I just figured if I add potassium permanganate (a really small amount) to the developing solution it should retard silver development to compensate for the weak dye formation, thus lower the effective silver development strength to match the colour developing strength... hopefully.. maybe... well no harm in trying!
This appears to be a major step forward, I used my parodinal formulation which I -think- is equivalent to 1+20 the way i mixed it up should be equivalent.. except with no sodium sulphite, touch of ascorbic acid, like a small pinch between the fingers to the concentrate, which was 60mls, i used 15mls of concentrate, and 50mls of potassium permanganate solution...1/4 of a teaspoon of pemanganate to 140ml of water.
Developed at 23c, for 50min-1hr, with agitation here and there.. not much and would normally result in heavy adjacency affects.. I cant see any on the negative I bleached and fixed...but when stretching the levels way out (as its thin) it is apparent.. but not by much... (just one frame, havent done the rest of the roll), still looks too thin, but this one is at box speed and is a lot better than previous tests.
The ratio of silver development to dye formation is still too wide... but the gap is smaller now, Im looking forward to the overexposed denser shots to see how they turn out after bleach and fixing.

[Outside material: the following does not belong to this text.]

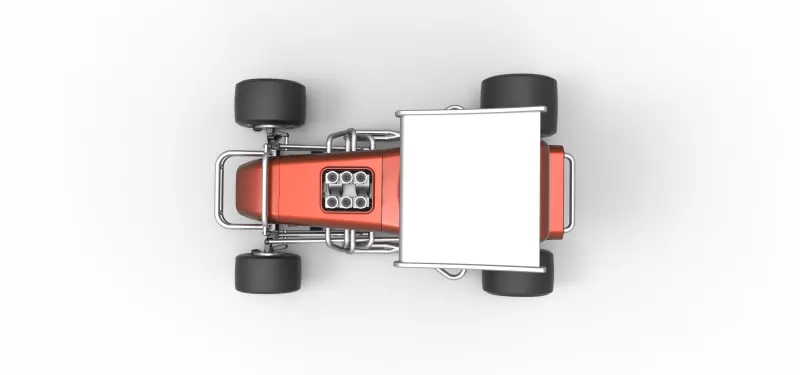 Vintage Winged Supermodified stock car Scale 1:25 - Model preview 11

I need to try another roll with the same formulation @ 2 hours, with more permanganate (or maybe just try adding some regular bleach?) (edit: also I might try the same formulation @ 35-40, 10-15min)
edit: also scanned while still wet as i couldnt wait, also while i levelled the channels to balance the image, i didnt touch the saturation, havent done any colour correction or channel swiching on this
edit: a +2 shot.. which is very strange because that yellow is right, but that green bin behind it has a strong red lid.. not green.. lol, wonder if im not getting red in the +2's
And how it appears to the scanner (similar range to others, better to my eyes, and more colour)
And a -2 of the same shot (4 stops diff to the one above), with a partial bleach bypass like the op, 1 part bleach, 5 parts fix, 5 parts water for a short period since I could see the red (cyan) on the negative in this one.
+180 on hue, then some level balancing and +30 saturation.
I think more permanganate is required, and also a hot solution, hopefully that will help with the small density range, and thus scanner noise from stretching the image out so far, as on average im getting 1/8th usage of the scanner range, otherwise the only other solution would be to dSLR + macro it, and possibly HDR it at 1/3rd stops to interpolate more separation to compensate for the bit loss.. though thats for another site I guess
side note on the colour correction: +90 on hue seems to bring back the red in both, to which i can correct the overall image with levels after, havent posted these examples though.